The name for the Zeist Foundation was born out of a joyous year the Brumley family spent together in the town of Zeist, Netherlands where the family lived while Dr. Brumley was on sabbatical from his position at Duke University. The time the family spent in Zeist was wonderful and served to strengthen further the already strong bond among the Brumley family members. In recognition of the importance of the family’s time spent together in Zeist and of the treasured memories they made while living there, they chose the name “Zeist” for the family’s foundation and company.
The Brumley Family
Dr. and Mrs. Brumley’s five children (George III, Beth, Lois, Marie and Nancy) were raised in Durham, North Carolina where Dr. Brumley was on the faculty of Duke University Medical Center. In 1981, Dr. Brumley was named the head of the the Department of Pediatrics at Emory University and the family moved to Atlanta.
While living in Durham, Dr. and Mrs. Brumley had been generous contributors to the nonprofit community. Once settled in Atlanta, the family became involved in philanthropic efforts throughout the city. In 1989, the Brumley family’s foundation was created and the adult Brumley children were granted trusteeship.
During the early years of the foundation, Mrs. Brumley and other members of the Brumley family spent their volunteer time exploring opportunities to partner with non-profit organizations that shared their mission of supporting education, children and youth, community building, health, the arts, the environment, and wildlife.

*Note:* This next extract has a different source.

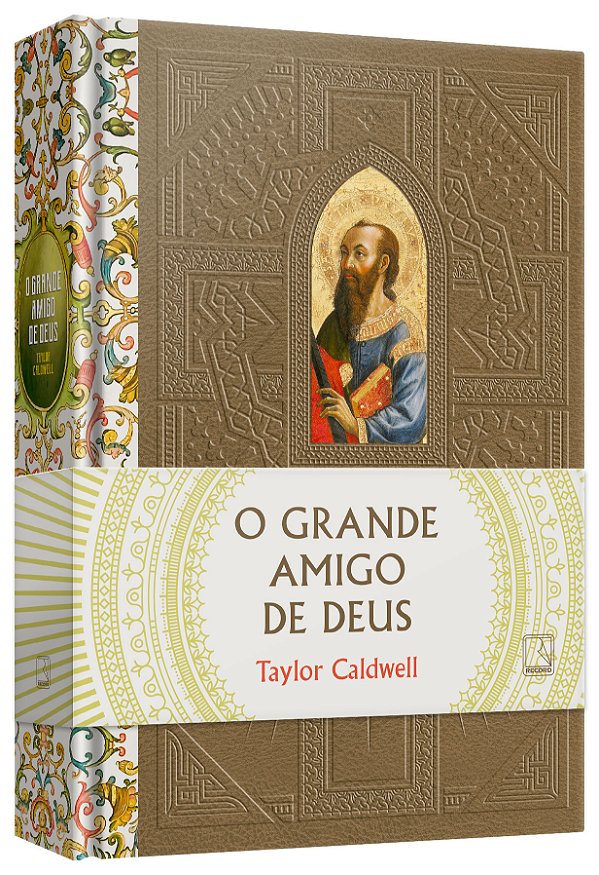 Livro O Grande Amigo De Deus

During the first 15 years of the foundation, approximately fifty non-profit organizations received annual support from the foundation. A few stakeholder organizations with close associations to the Brumley family received the largest grants, however; these organizations included the Atlanta Symphony Orchestra, Emory-Egleston, Trinity Presbyterian Church, and Duke University.
In the early 1990’s, several years after the founding of the Zeist Foundation, Dr. and Mrs. Brumley adopted a “place-based” approach to the foundation’s philanthropy. The focus of their philanthropic efforts became Atlanta’s Edgewood community, an underserved-area strategically located near transportation hubs and Emory University.
In 1994, The Zeist Foundation’s initial investment in the Edgewood community was made through the establishment of a school-based, pediatric clinic that was operated within Whitefoord Elementary School by physicians and nurses from Emory University. This collaborative partnership between the Zeist Foundation, Atlanta Public Schools and Emory University was a unique health education project which served as a catalyst for future community-building efforts in the Edgewood community.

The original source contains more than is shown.